A Terceira Turma do Tribunal Superior do Trabalho (TST) decidiu que empresas não podem ser obrigadas a recolher contribuições para sindicatos quando não há filiação patronal. A decisão reforça os princípios da livre associação sindical e da autonomia das entidades.

O caso em análise

A Microsum Tecnologia da Informação Ltda., de Goiânia (GO), foi acionada pelo Sindicato dos Empregados no Comércio no Estado de Goiás (Seceg), que reivindicava o pagamento de uma parcela chamada “benefício social” referente aos anos de 2020 e 2021.

Segundo as normas coletivas firmadas em 2018, as empresas deveriam recolher R$ 22 por mês, por empregado, para custear auxílios em situações como nascimento de filho, doença, acidente ou falecimento. O sindicato alegou que esse valor não se destinava a despesas administrativas, mas ao custeio direto de benefícios aos trabalhadores.

A empresa, por sua vez, argumentou que já possuía seguro de vida contratado para seus empregados e que, por não ser filiada ao sindicato patronal, a cobrança era indevida.

Divergências nas instâncias

1ª instância (Vara do Trabalho de Goiânia): rejeitou a cobrança do sindicato.

TRT da 18ª Região (TRT-18): reformou a decisão e considerou válida a cláusula coletiva, sustentando que o benefício favorecia os empregados e que sua retirada poderia desequilibrar as negociações.

A decisão final do TST

Ao analisar o recurso da Microsum, o ministro Alberto Balazeiro, relator do caso, destacou que a cobrança é inconstitucional, pois representa receita destinada ao sindicato custeada por empresas não filiadas.

A decisão mencionou:

Constituição Federal – garante a liberdade de associação sindical.

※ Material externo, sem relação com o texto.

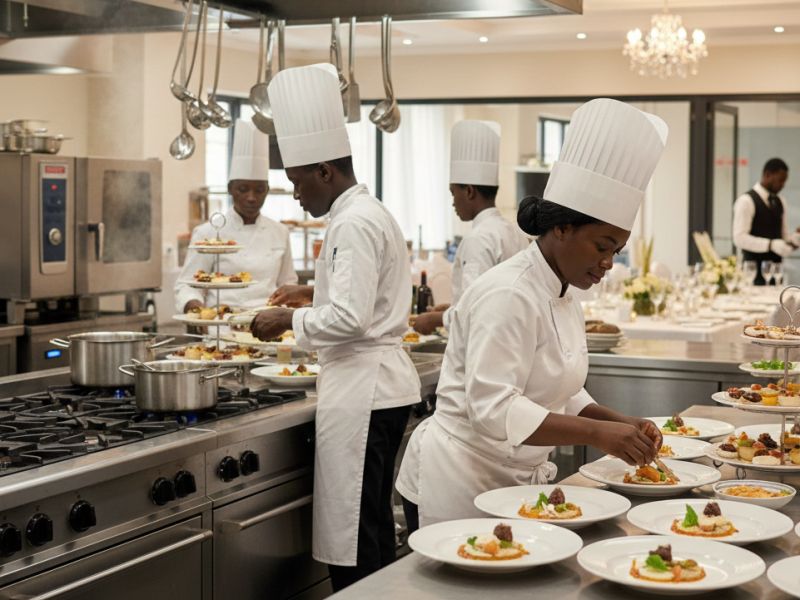 Catering Firm Cottage Industry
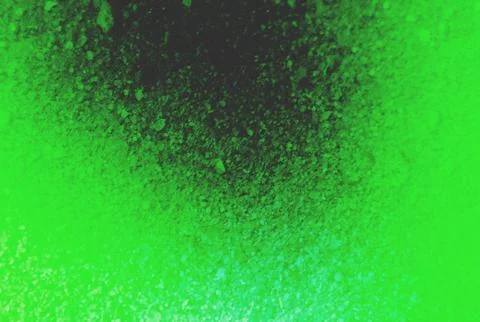 Abstract smooth shapes green gradient grunge texture background with soft g.. イラスト素材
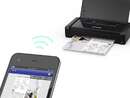 Принтер A4 Epson WorkForce WF-100W мобільний  USB  Wi-Fi 4 кольори :: C11CE05403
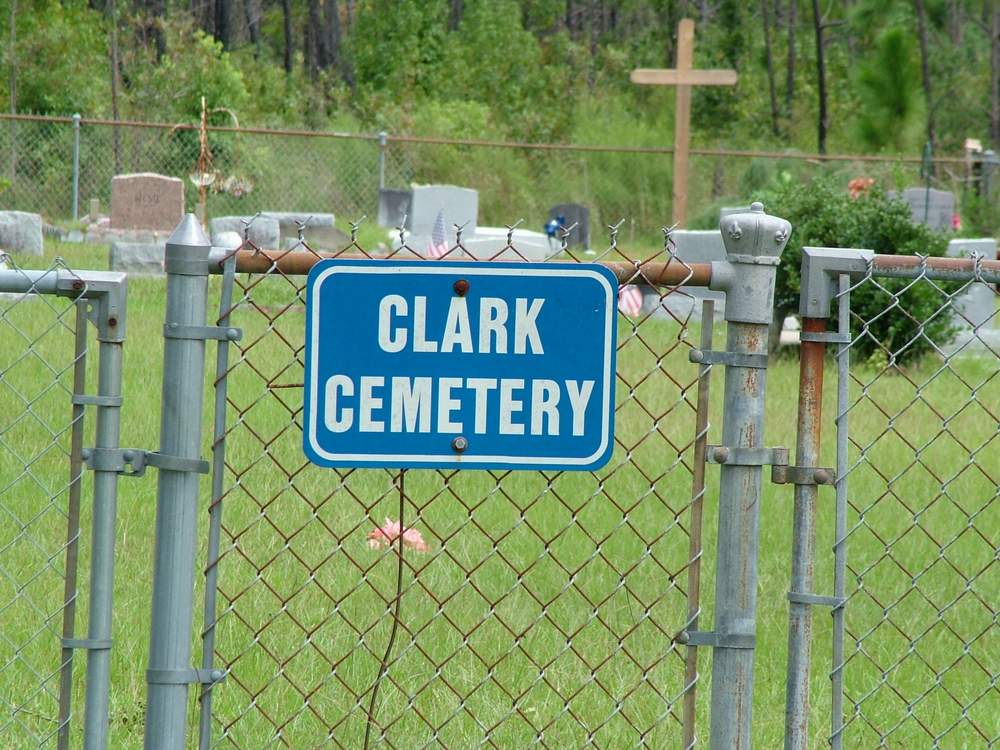 Babe Clark Cemetery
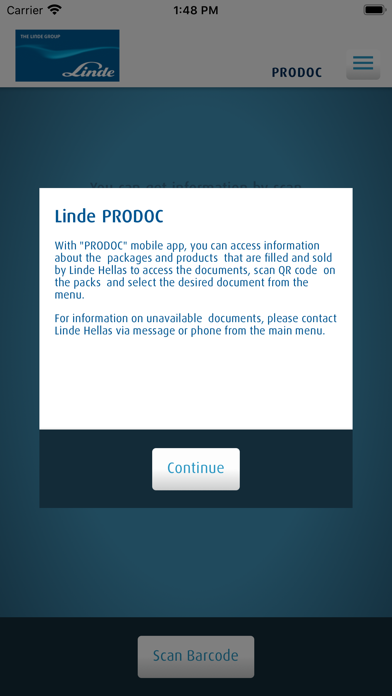Screenshot #3 pour Linde PRODOC Greece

Convenção 98 da OIT – protege contra práticas que forcem o vínculo associativo.

Súmula Vinculante 40 do STF – estabelece que contribuições confederativas só podem ser exigidas de empresas efetivamente filiadas ao sindicato.

Com isso, a contribuição foi considerada ilegal, consolidando o entendimento de que nenhuma entidade sindical pode impor cobrança compulsória de valores patronais sem filiação.

👉 Em resumo: A decisão do TST cria um importante precedente, reafirmando que empresas só estão obrigadas a contribuir financeiramente com sindicatos quando voluntariamente filiadas.